● **Work task**:
Could you transcribe exactly the lines from the one containing "Assistance System Kit" through the last line of the records below, leaving out the pictures?

--

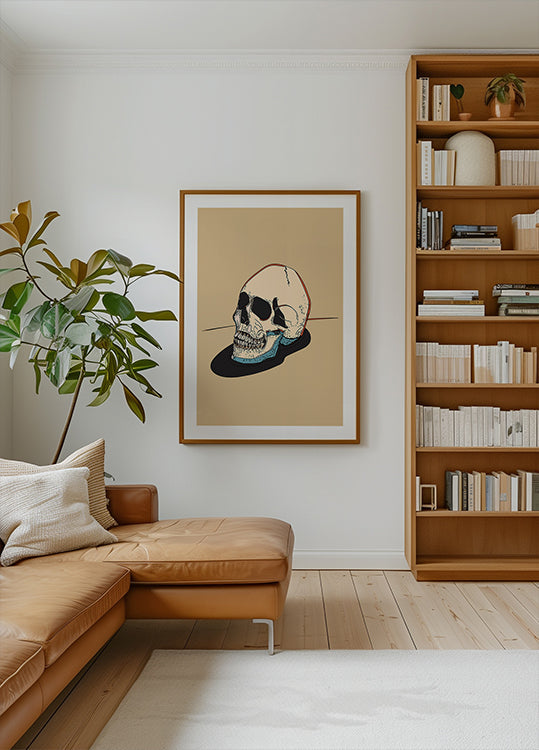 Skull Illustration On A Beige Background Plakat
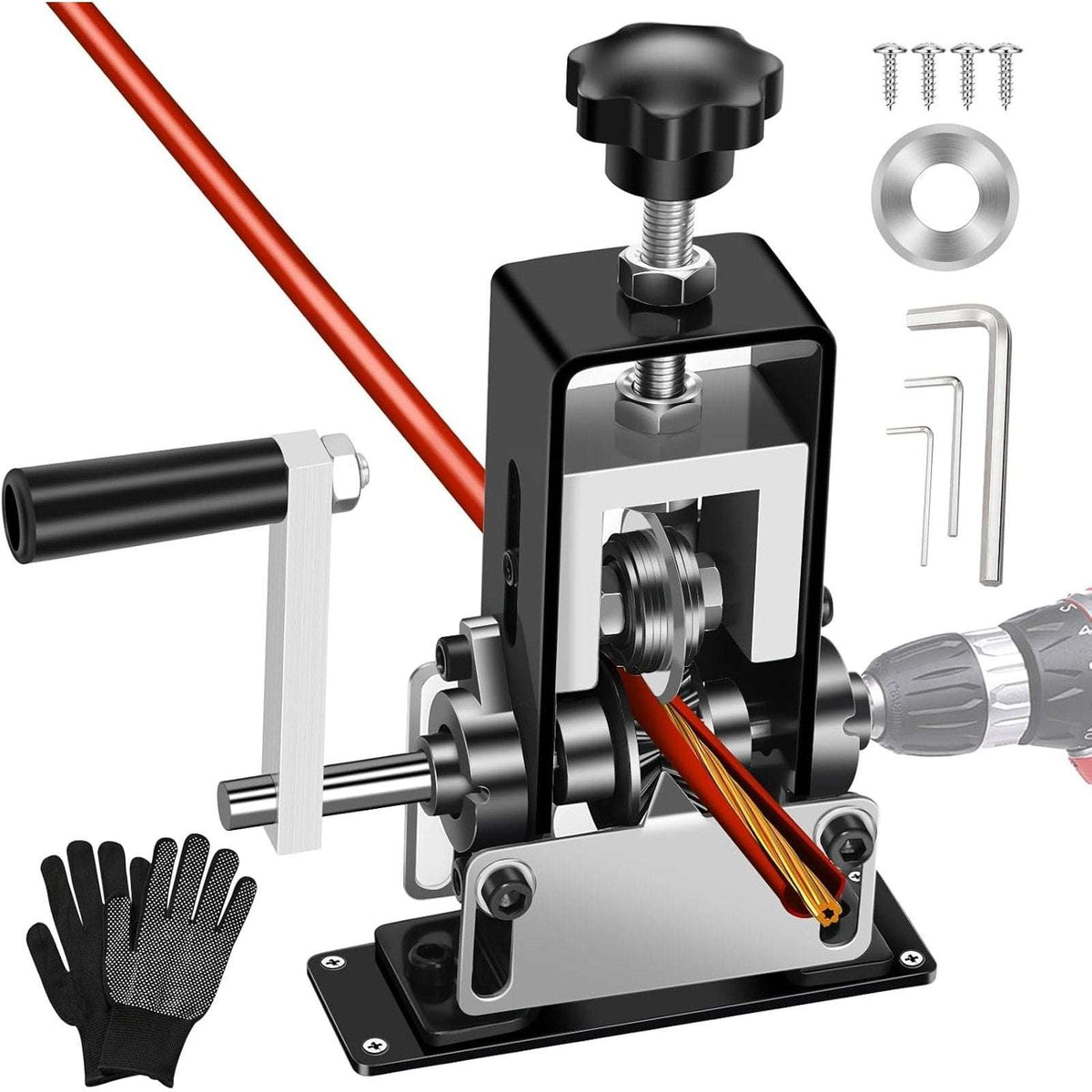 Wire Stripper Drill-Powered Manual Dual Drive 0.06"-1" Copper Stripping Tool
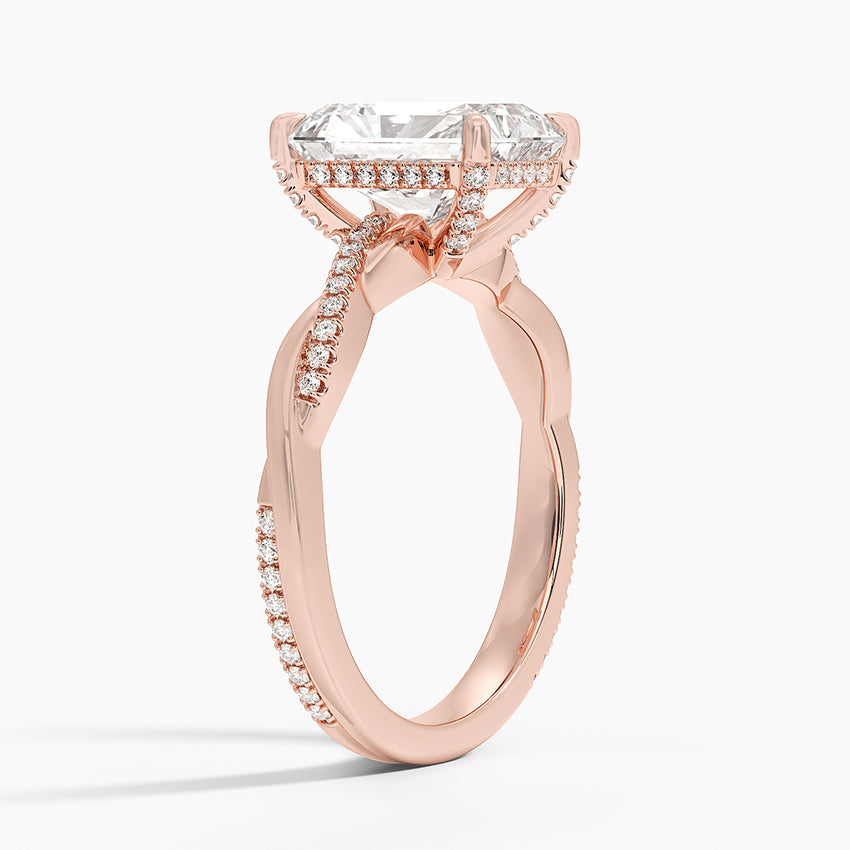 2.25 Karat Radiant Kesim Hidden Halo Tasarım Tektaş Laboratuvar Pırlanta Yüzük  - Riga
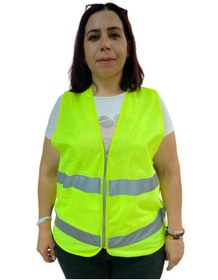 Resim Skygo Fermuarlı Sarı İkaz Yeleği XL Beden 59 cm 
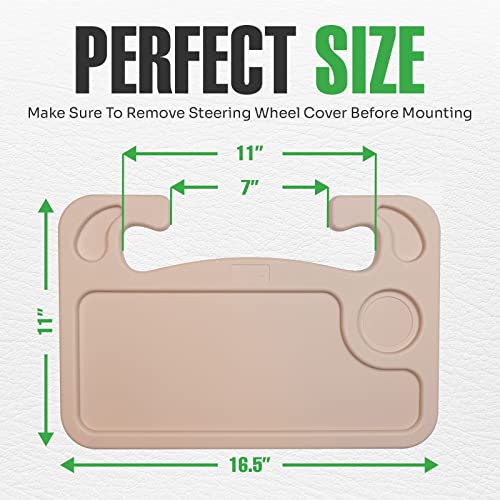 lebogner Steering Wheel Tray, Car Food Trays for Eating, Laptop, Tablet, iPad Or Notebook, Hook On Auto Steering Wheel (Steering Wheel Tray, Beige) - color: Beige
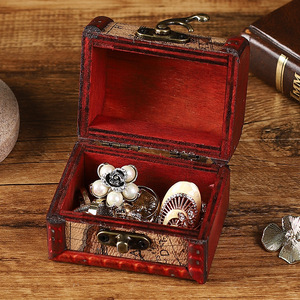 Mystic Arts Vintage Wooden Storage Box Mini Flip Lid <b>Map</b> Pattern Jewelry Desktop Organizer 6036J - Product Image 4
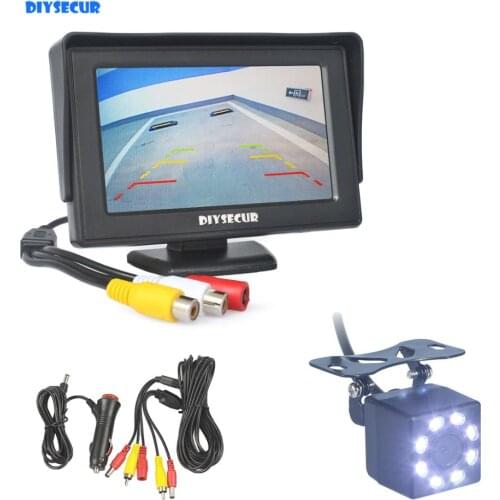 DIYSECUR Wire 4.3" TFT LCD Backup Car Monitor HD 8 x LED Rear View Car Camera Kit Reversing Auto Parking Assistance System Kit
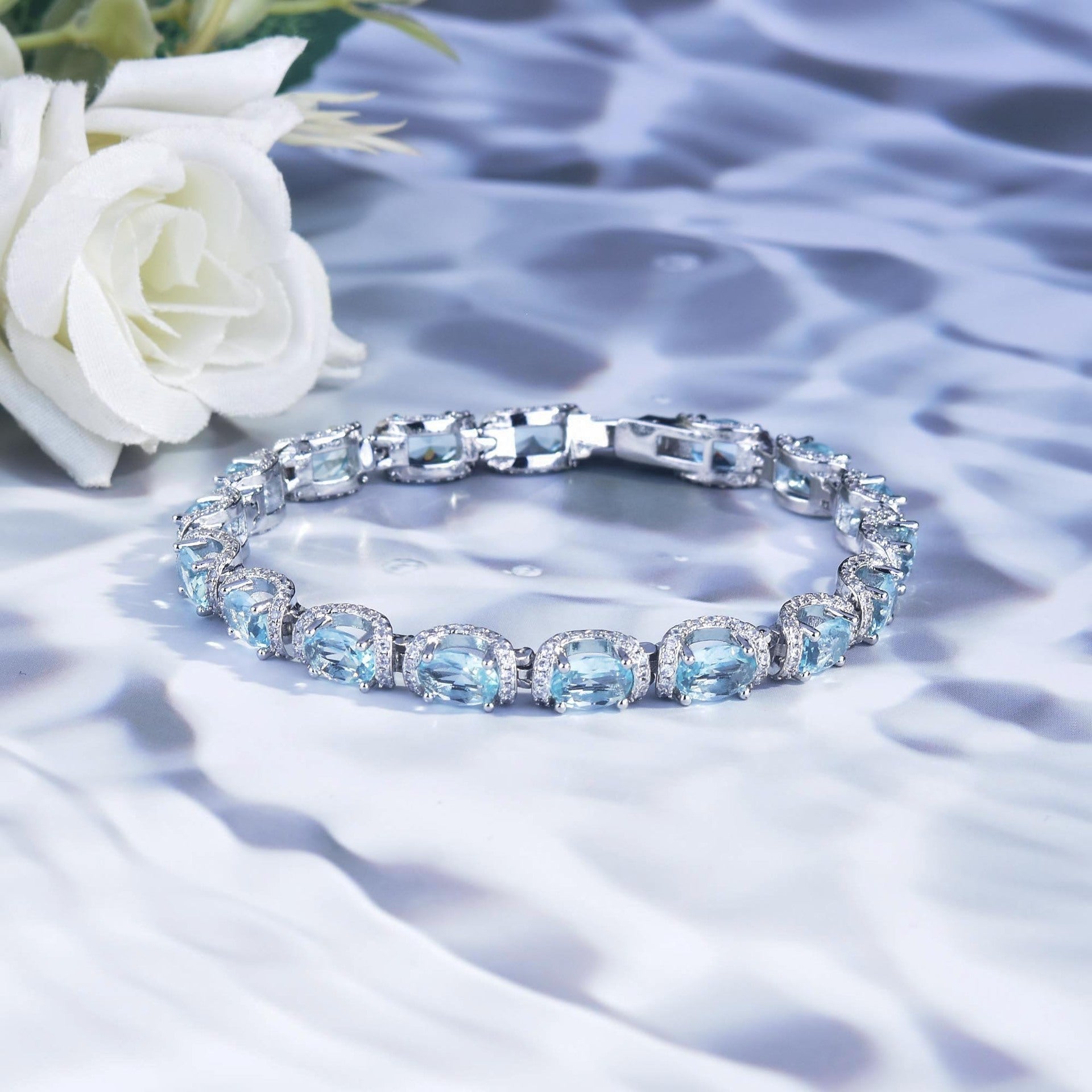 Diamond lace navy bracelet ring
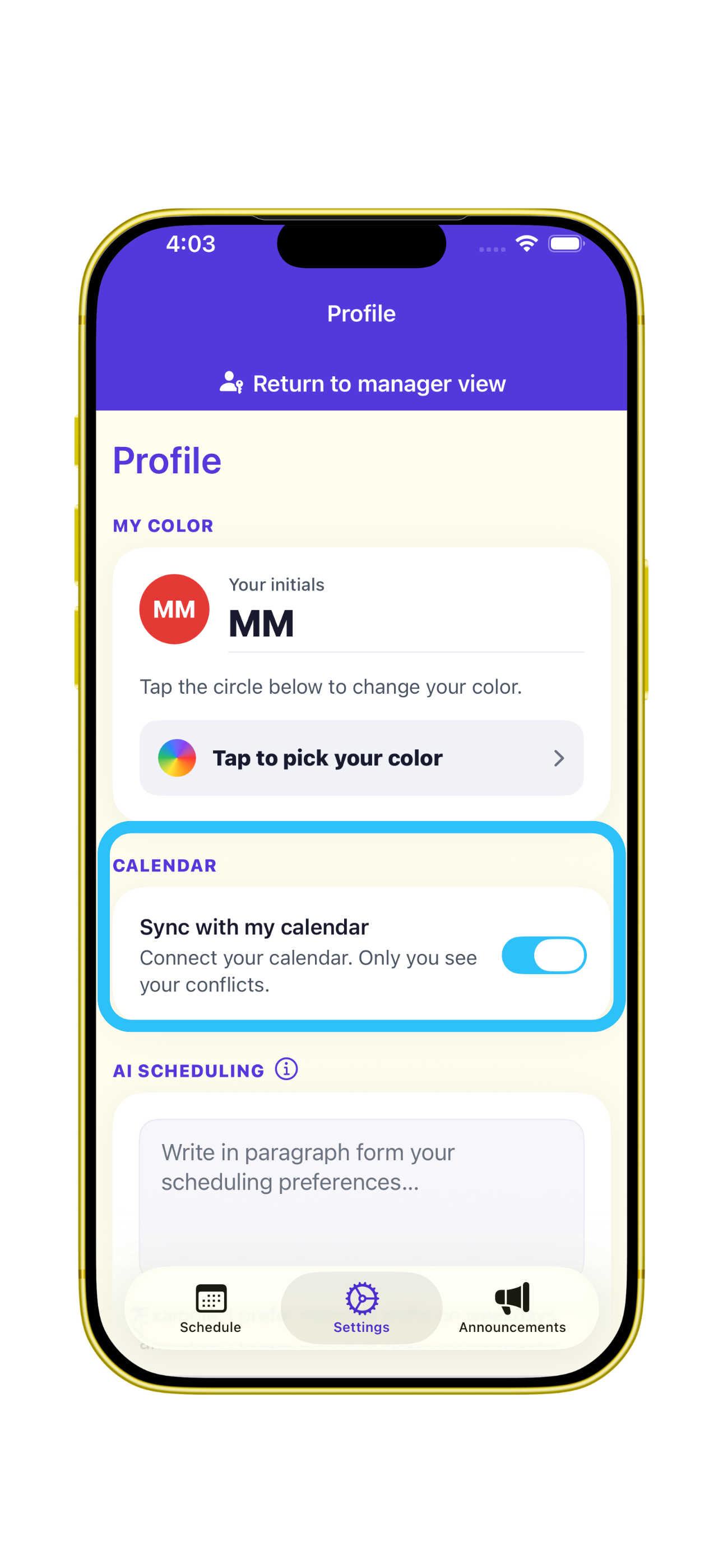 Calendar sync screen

--

● **Exercise solution**:
 DIYSECUR Wire 4.3" TFT LCD Backup Car Monitor HD 8 x LED Rear View Car Camera Kit Reversing Auto Parking Assistance System Kit
 Diamond lace navy bracelet ring
 Calendar sync screen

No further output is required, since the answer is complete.